How do you determine if the improper integral converges or diverges #int (1/(3x)-6) dx# from negative infinity to 0?

1 Answer
Mar 25, 2018

#int_-oo^0(1/(3x)-6)dxrArr# diverges to #-oo#

Explanation:

To evaluate a two-sided improper integral, split it into two integrals and express each as a limit like so:

#int_-oo^0(1/(3x)-6)dx#

#=lim_(s->-oo)int_s^-1(1/(3x)-6)dx+lim_(t->0)int_-1^t(1/(3x)-6)dx#

Now compute the integrals and evaluate the limits:

#rArrlim_(s->-oo)[lnabs(3x)/3-6x]_s^-1#

#rArrlim_(s->-oo)[(ln3/3+6)-(lnabs(3s)/3-6s)]#

#rArr[(ln3/3+6)-(oo+oo)]->-oo#

Therefore the integral diverges as it approaches #-oo#.

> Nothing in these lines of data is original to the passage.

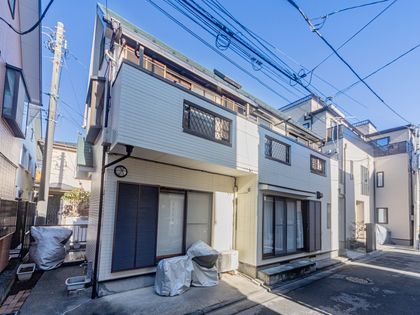 新座市東北2丁目 戸建 外観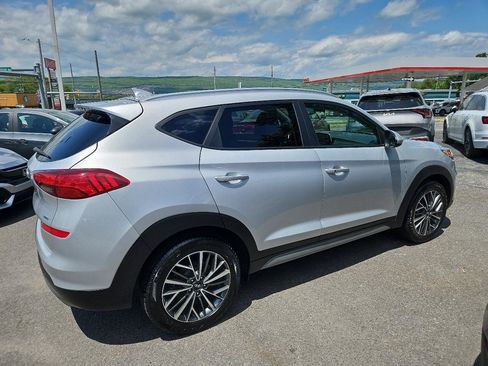 Used 2019 Hyundai Tucson SEL AWD/4WD image 2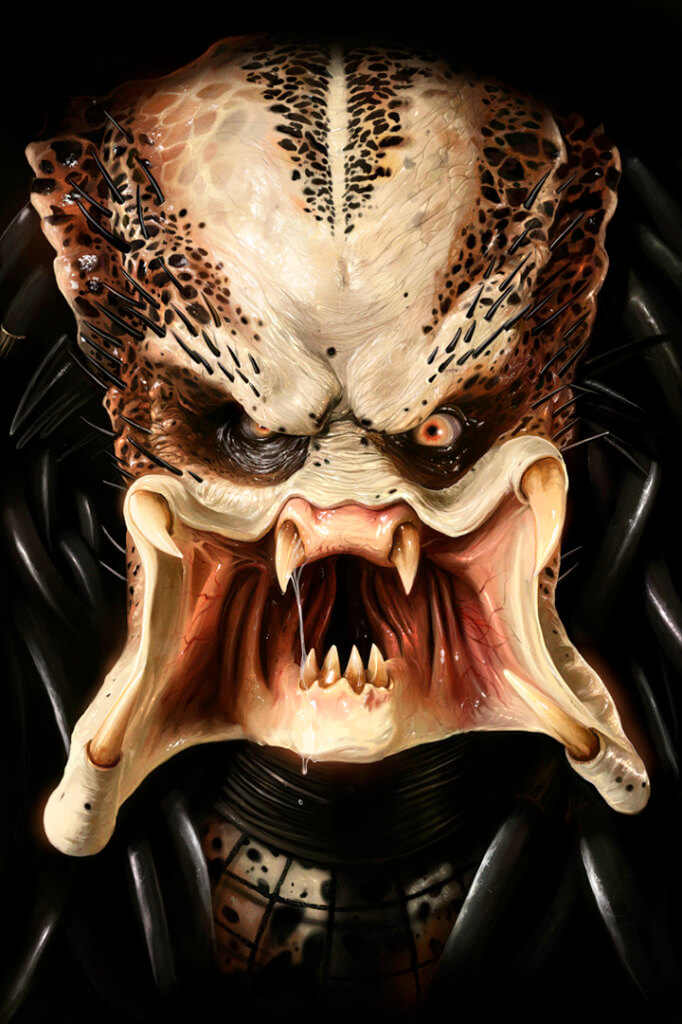 luvisi predator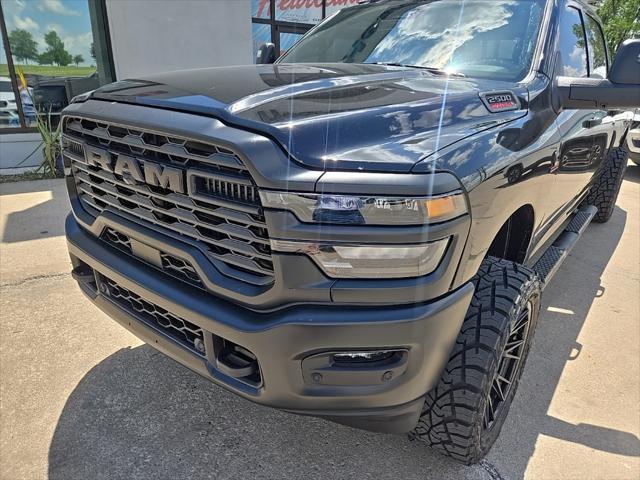 new 2025 Ram 2500 car, priced at $65,611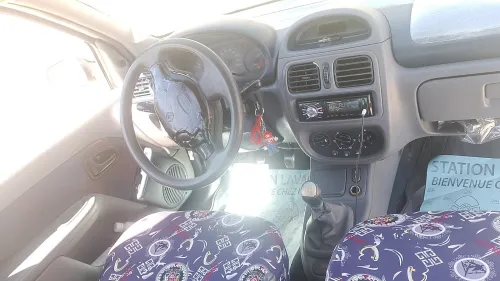 Renault Clio 2 2001 Clio 2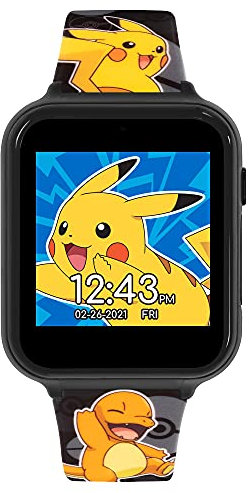 Pokemon Kids Montre Intelligente Interactive POK4231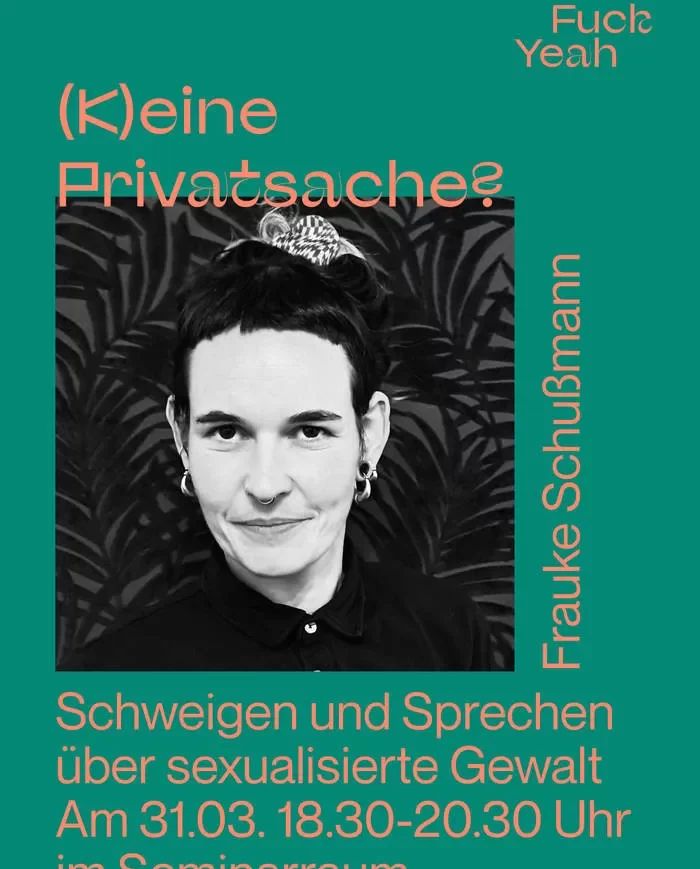 Vortrag über sexualisierte Gewalt im Gängeviertel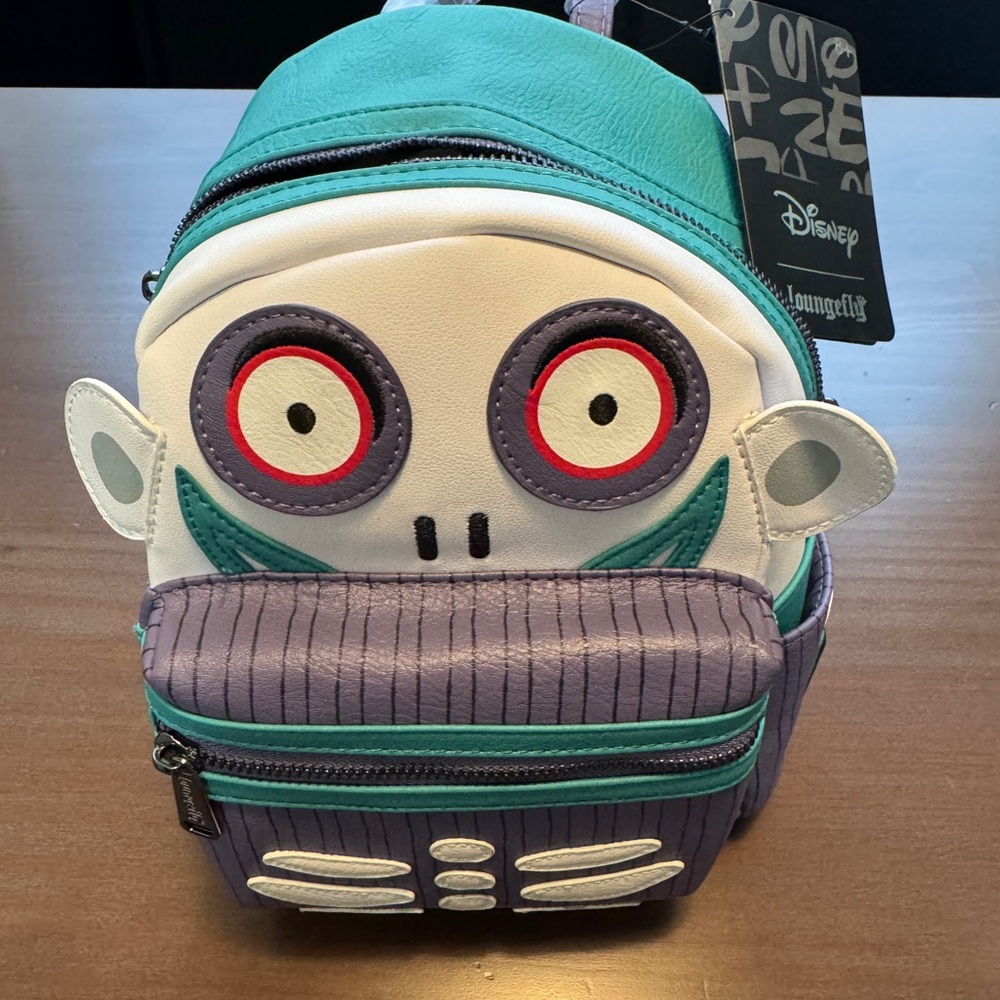 Loungefly Nightmare Before Christmas Backpack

Technically, we could stop here. If one integral diverges, the whole expression will diverge. But let's evaluate the second limit just for good measure:

#rArrlim_(t->0)[lnabs(3x)/3-6x]_-1^t#

#rArrlim_(t->0)[(lnabs(3t)/3-6t)-(ln3/3+6)]#

#rArr[(-oo-0)-(ln3/3+6)]->-oo#

And again we see the integral also diverges as it approaches 0.